Exercise — For the word "Infographic", return each line of the data in which it occurs.

Dataset records —

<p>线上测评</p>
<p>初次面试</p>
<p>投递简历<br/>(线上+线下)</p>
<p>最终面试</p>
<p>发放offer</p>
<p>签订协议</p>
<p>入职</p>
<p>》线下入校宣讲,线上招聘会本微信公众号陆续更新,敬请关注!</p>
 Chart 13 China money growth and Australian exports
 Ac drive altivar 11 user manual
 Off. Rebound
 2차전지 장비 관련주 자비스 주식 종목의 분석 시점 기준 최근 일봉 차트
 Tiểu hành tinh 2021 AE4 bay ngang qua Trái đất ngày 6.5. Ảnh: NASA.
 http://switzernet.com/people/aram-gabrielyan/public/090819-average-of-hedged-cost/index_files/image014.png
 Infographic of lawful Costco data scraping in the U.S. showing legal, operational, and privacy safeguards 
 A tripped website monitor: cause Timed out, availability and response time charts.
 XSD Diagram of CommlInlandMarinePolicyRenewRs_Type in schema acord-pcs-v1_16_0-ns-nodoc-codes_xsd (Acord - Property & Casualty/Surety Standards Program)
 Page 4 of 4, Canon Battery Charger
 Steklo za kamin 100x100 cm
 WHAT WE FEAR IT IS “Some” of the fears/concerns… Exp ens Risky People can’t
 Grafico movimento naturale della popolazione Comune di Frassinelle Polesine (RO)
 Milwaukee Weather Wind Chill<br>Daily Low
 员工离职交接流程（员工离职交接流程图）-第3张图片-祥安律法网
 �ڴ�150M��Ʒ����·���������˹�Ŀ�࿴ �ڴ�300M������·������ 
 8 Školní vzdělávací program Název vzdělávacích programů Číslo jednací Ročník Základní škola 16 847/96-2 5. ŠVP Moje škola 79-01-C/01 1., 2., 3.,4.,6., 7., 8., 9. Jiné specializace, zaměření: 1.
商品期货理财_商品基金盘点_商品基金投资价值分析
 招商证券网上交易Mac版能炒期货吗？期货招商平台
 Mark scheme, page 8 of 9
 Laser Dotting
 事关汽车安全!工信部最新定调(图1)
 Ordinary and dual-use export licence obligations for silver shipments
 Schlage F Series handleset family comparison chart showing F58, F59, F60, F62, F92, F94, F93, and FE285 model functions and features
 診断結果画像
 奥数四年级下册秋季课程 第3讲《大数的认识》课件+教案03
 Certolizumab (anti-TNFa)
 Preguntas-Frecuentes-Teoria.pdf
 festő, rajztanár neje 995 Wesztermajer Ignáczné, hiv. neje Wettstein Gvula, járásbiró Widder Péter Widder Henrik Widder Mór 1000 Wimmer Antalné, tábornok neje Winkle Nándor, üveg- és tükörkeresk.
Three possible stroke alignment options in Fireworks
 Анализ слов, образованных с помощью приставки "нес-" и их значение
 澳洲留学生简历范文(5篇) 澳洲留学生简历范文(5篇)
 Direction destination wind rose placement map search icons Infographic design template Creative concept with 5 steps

Solved exercise —
 Infographic of lawful Costco data scraping in the U.S. showing legal, operational, and privacy safeguards 
 Direction destination wind rose placement map search icons Infographic design template Creative concept with 5 steps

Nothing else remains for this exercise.